One aspect of their hobby that I am finding most agreeable is that they have to be accompanied by a responsible adult, and I at least, partly qualify for the job. It gives me an opportunity to stop work and just sit in a beautiful place and do absolutely nothing, without the usual pangs of guilt that I would feel about wasting time.

So for me, and I suspect many others fishing, it provides a legitimate reason/excuse for idleness.

Not sure how I will cope when the kids grow up and can be idle all on their own!

I haven’t laughed this much since…

Driving back from Suffolk on Saturday lunch time, listening to a phone in on Radio 4.

Apparently, according to a retired civil servant who had phoned in, presumably with the intention of enlightening the more passive listener with his specialist insight into our political system, he stated:

“What the next government needs to do is to be honest with the electorate.”

I laughed so much that I almost fell off my perch and into the central reservation.

Breathtaking naivety without the slightest hint  of sarcasm or irony. Hilarious!

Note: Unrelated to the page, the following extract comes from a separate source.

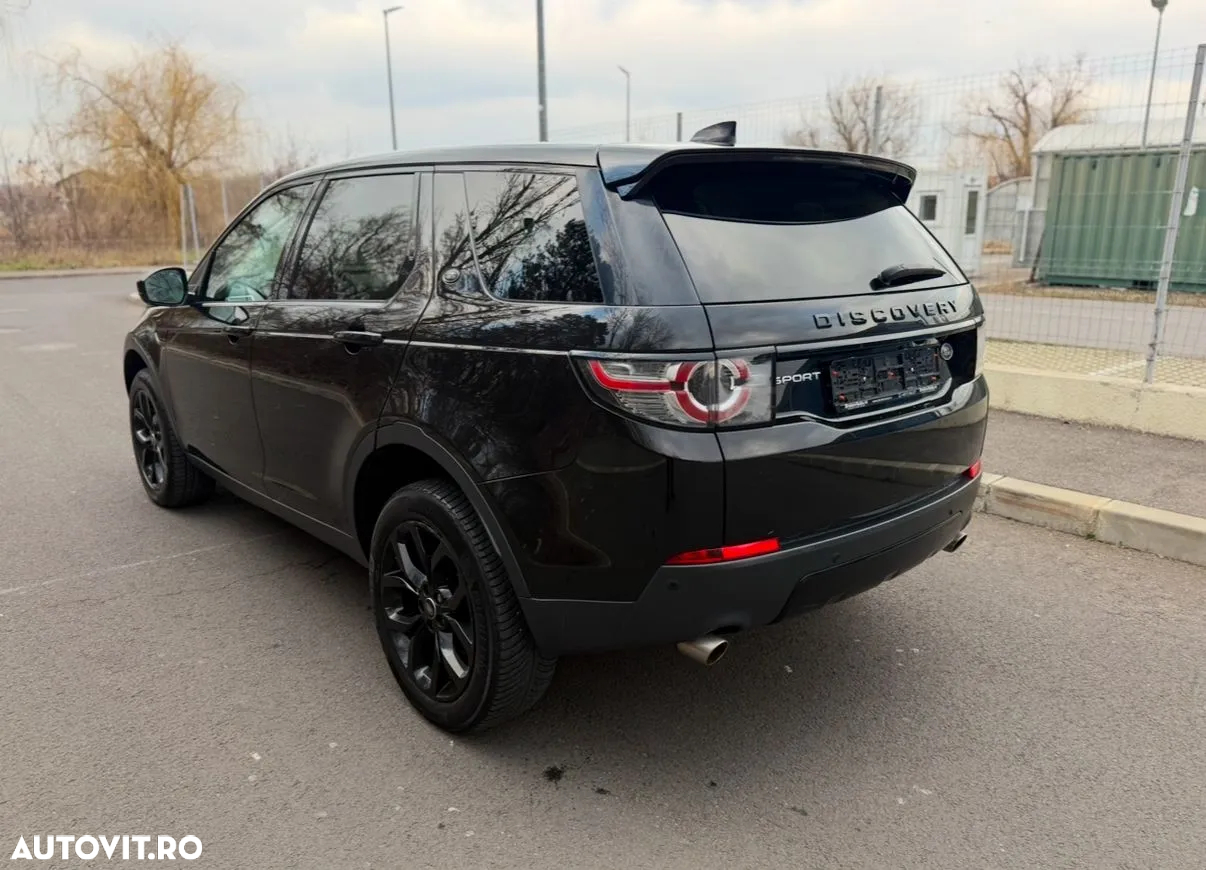 Land Rover Discovery Sport 2.0 l TD4 HSE Aut. - 5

Comedians across the county must be in fear of their careers.

In Bed With Mr Darling

I, like many people around the country, spent Wednesday afternoon listening to what may well be Alistair Darling’s last budget. What strikes me as possibly the most interesting aspect of the budget is the way it mirrors what’s happening in my garden, both in timing and content. To prune or not to prune , that is the dilemma, both for Mr Darling and my humble self. Furthermore, it seems we have both come to the same conclusion:

Sometimes the wise thing to do is not to do anything at all.

One political commentator noted that due to the state of the economy and impending election, it was a do nothing budget. Hear! hear! I agree and that’s just what’s happening in my garden right now. Spring is later than normal, (what ever that is) and several of my plants have sustained damage over the winter.

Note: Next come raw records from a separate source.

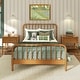 preview thumbnail 5 of 30, Max and Lily Jenny Full Spindle Platform Bed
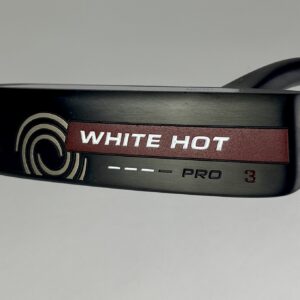 Used Right Handed Odyssey White Hot Pro #3 34" Putter Steel Golf Club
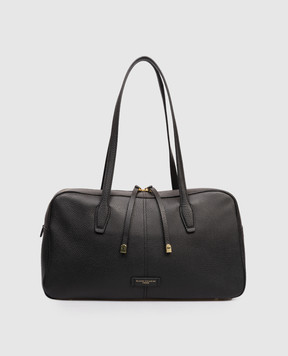 Gianni Chiarini Чорна шкіряна сумка Aryna BS11802COMMGRN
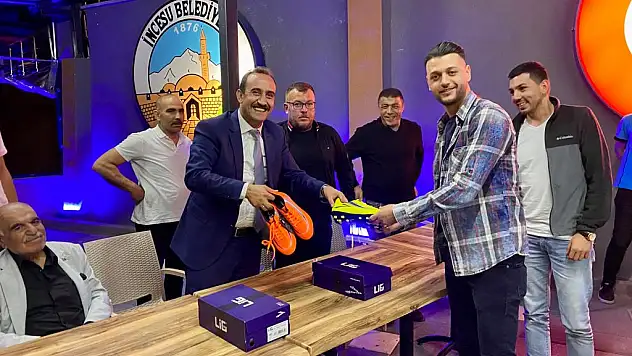 132 bin TL'lik destek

However tempting it may be to tidy up those apparently dead stems, the right thing to do is nothing at all, that is until the spring is well and truly under way and it becomes clear how far the damage has gone.

My hardy fuchsia dies back by a different degree each year and it’s only when it starts into growth that it becomes clear where to cut it back to. Several shrubs have been damaged in the same way including rosemary, Arbutus Elfin King and Callistemon.

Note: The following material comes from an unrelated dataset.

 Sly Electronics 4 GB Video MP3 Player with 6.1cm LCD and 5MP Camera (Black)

One of my eccentricities is an irrational fondness for Cordylines, not I should add the fancy coloured ones that are in my opinion ghastly, but the plane green ones with thick trunks, spreading heads and wondrously scented flowers. There are some plants (not many) that have a quality of presence that immediately creates atmosphere.

I have found through experience that Cordylines suffer from two problems, horticultural snobbery and an infuriating variability when it comes to hardiness.

I have one specimen that has come through the winter unscathed but several others are looking very sad. I will be waiting until after the election to see if the growing point is dead or alive. If there is no sign of recovery by the time we have a shiny new government then I will cut back to within a few inches of the ground, in much the same way as I suspect the new chancellor will be pruning the public sector.

For now I will follow Mr Darling’s example and do nothing more than a little tinkering at the edges.